• WHAT YOU NEED TO DO:
Write out nothing but the lines from the one containing "Personalized Cute Easter" through the last line below, both included, and without the pictures.

• DATASET EXCERPT:
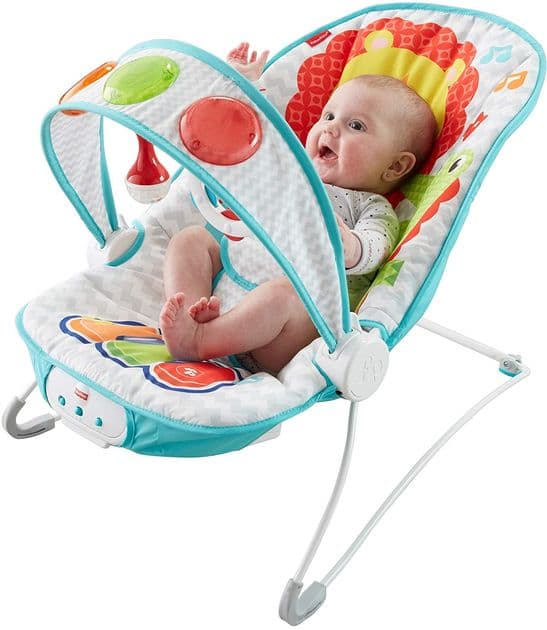 Детский музыкальный шезлонг кресло-качалка Ударяй и играй Fisher-Price Fun 'n Fold Bouncer FFX45 изображение 12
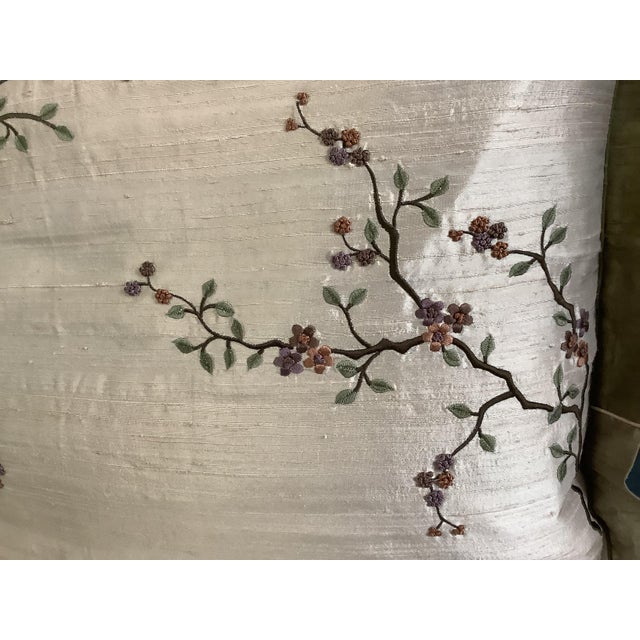 Textile Japanese Garden Floral Embroidered Silk Decorative Pillow Sham Covers - a Pair For Sale - Image 7 of 12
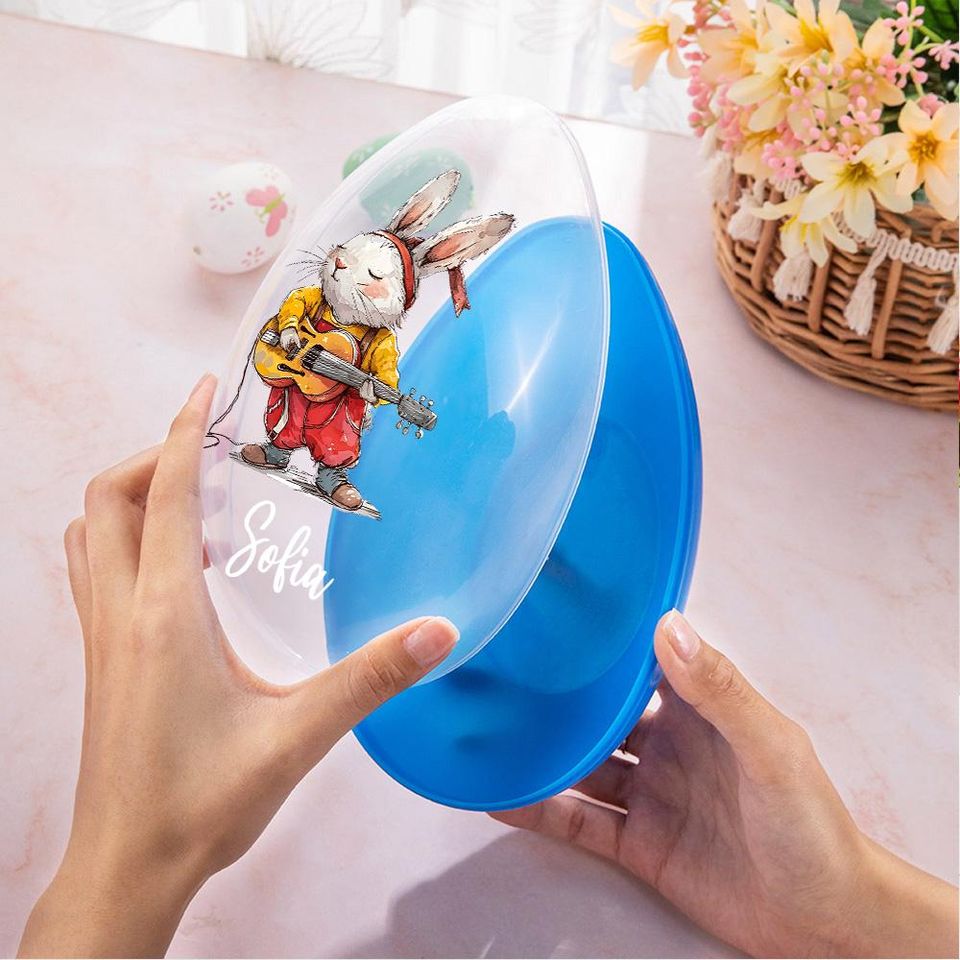 Personalized Cute Easter Bunny Dream Jobs Jumbo Easter Egg with Name, Easter Basket Stuffer Candy Box Gift for Kids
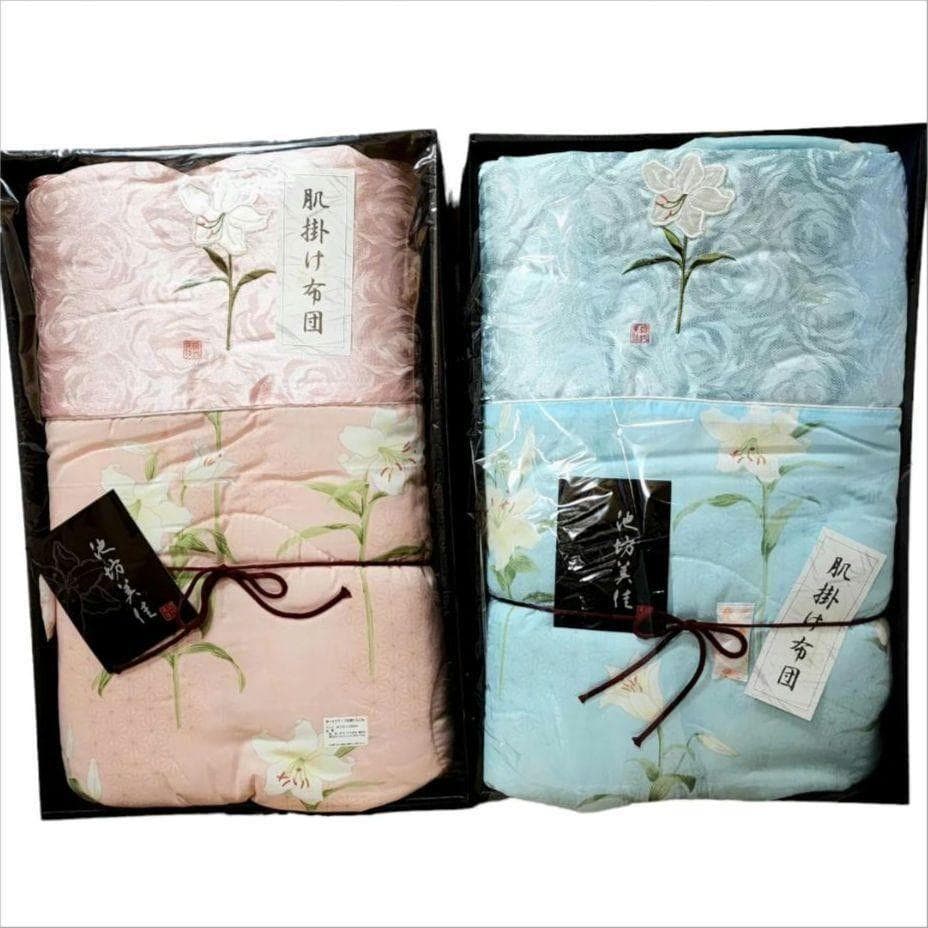 【新品 レトロ 花刺繍 2色2枚セット】池坊美佳 肌掛け布団 シングル 掛布団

• FINAL ANSWER:
 Personalized Cute Easter Bunny Dream Jobs Jumbo Easter Egg with Name, Easter Basket Stuffer Candy Box Gift for Kids
 【新品 レトロ 花刺繍 2色2枚セット】池坊美佳 肌掛け布団 シングル 掛布団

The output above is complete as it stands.